Introduction

In a recent paper Hagen et al. posed the question, `Does C₆₀ have a liquid phase?'[177] A liquid-vapour transition can only occur between the triple point temperature, below which only the solid and vapour are stable, and the critical temperature, above which there is only one fluid phase (Figure 4.1a). So, if the critical temperature is lower than the solid-fluid coexistence temperature at the critical density (Figure 4.1b), the liquid phase is thermodynamically unstable[178]. The answer to Hagen's question, though, has not yet been unequivocally answered: theoretical calculations of the phase diagram predict the liquid phase of bulk C₆₀ is either unstable[177] or only marginally stable[179,180] depending on the simulation technique used, whilst experiment seems to suggest that C₆₀ molecules are thermally unstable at the relevant temperatures[181].

  

Figure 4.1: Temperature/density phase diagrams when (a) there is a stable liquid phase, and (b) the liquid phase is thermodynamically unstable. S, L, V and F stand for solid, liquid, vapour and fluid, respectively.
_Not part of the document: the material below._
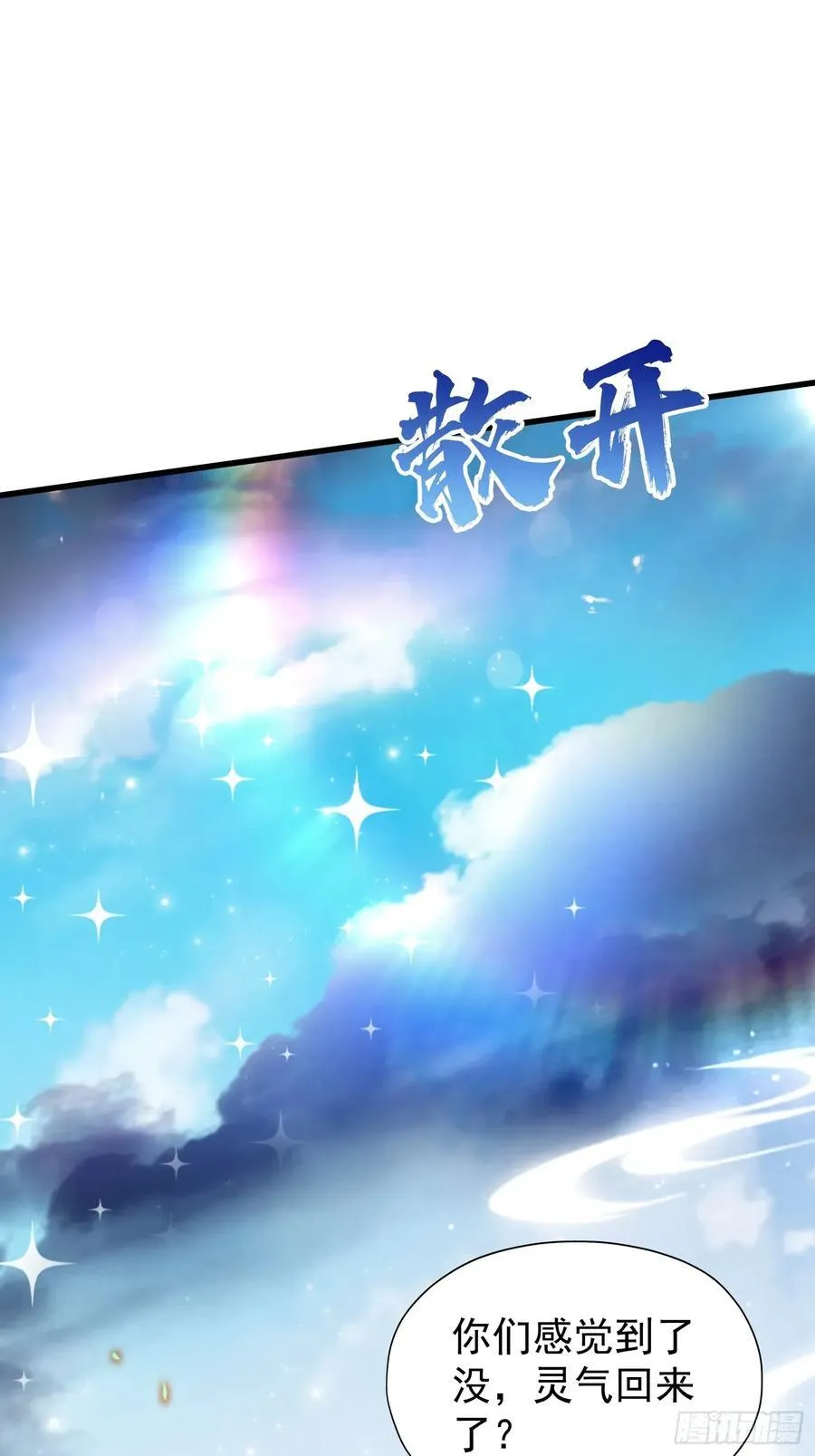 第237话 天道破烂，他缝补83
T_c is the critical temperature, T_t is the triple point temperature, T_sc is the solid-fluid coexistence temperature at the critical density, $\rho_c$ is the critical density, and $\rho_{fc}$ is the density of the fluid which coexists with the solid at the critical temperature. The dashed lines are in (a) the metastable solid-fluid coexistence line and in (b) the metastable liquid-vapour coexistence line. For (a) T_c>T_t>T_sc and $\rho_c<\rho_{fc}$ and for (b) T_c<T_sc and $\rho_c\gt\rho_{fc}$. The latter are the necessary and sufficient conditions for there to be no stable liquid phase. The dotted lines are to guide the eye.
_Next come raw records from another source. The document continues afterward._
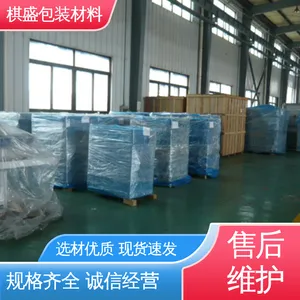 大型设备PE塑料罩袋 防雨好 服务优先 客户至上 天第包装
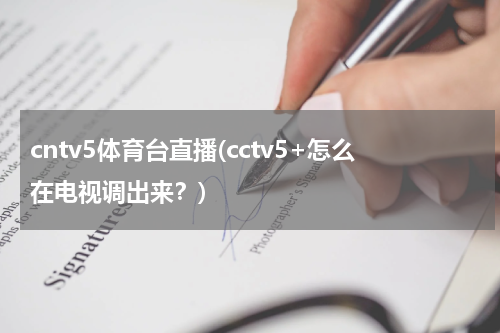 cntv5体育台直播(cctv5+怎么在电视调出来？)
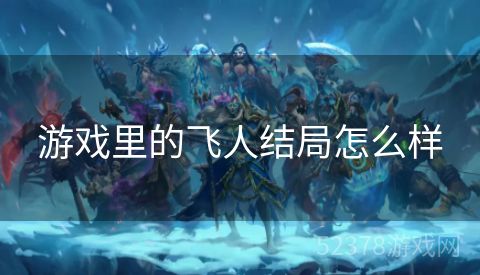 游戏里的飞人结局怎么样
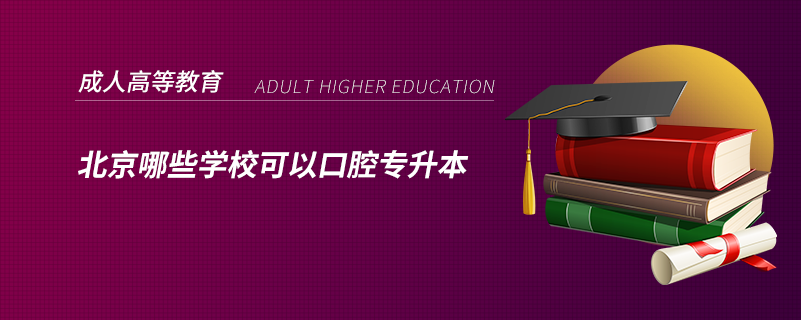 北京哪些學(xué)?？梢钥谇粚?zhuān)升本
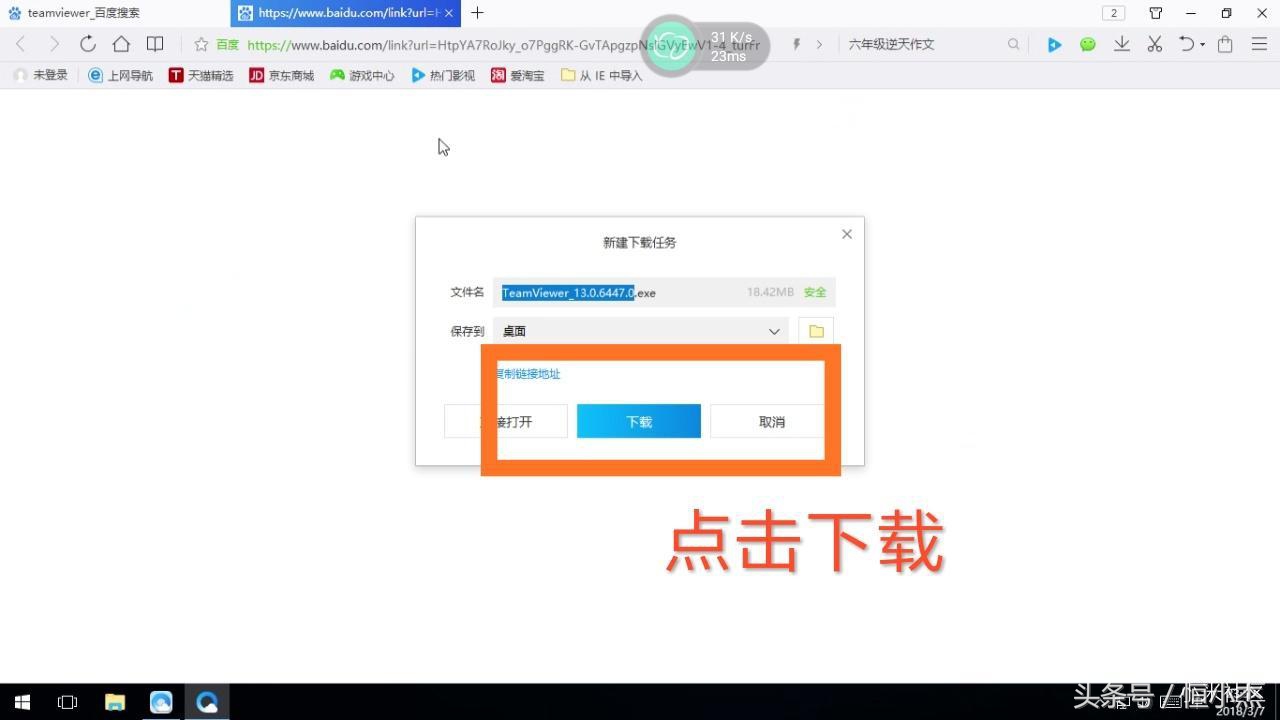 「MIUI实用技巧」最实用的功能，了解一下？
In contrast to C₆₀, for which the intermolecular potential is very short-ranged with respect to the equilibrium pair separation, the critical temperature for sodium is about seven times larger than the triple point temperature because of the long-ranged interatomic forces. The results for C₆₀ have led to a flurry of studies examining the effect of the range of the potential on the phase diagram[182,183,184,185]. These investigations have clearly shown that as the range of attraction decreases, the difference between the triple and critical temperatures decreases until the critical temperature drops below the triple point and the liquid phase disappears. Similar effects have previously been noted for mixtures of spherical colloidal particles and non-adsorbing polymer by theory[120], simulation[186] and experiment[121,122,123]. For such systems, the size of the polymer can be used to vary systematically the range of attraction between the colloidal particles.

Although the phenomenology of the range-dependence of the liquid phase stability is clear, a structural explanation has not been given. In this chapter we provide such a microscopic view by relating the above effects to fundamental changes in the topography of the PES (§4.3) and by making a detailed connection between these changes and liquid structure (§4.4). By studying both clusters and bulk we can address questions concerning the emergence of the phase-like forms of clusters and their evolution to the bulk limit. Detailed simulations of the thermodynamic properties of a 55-atom cluster (§4.5) confirm that our results can explain the range-dependence of the thermodynamics. We can also suggest an explanation for the transition from electronic to geometric magic numbers observed in the mass spectra of sodium clusters[53] (§4.6), showing that the simple approach we describe here can provide insight into a diverse set of phenomena.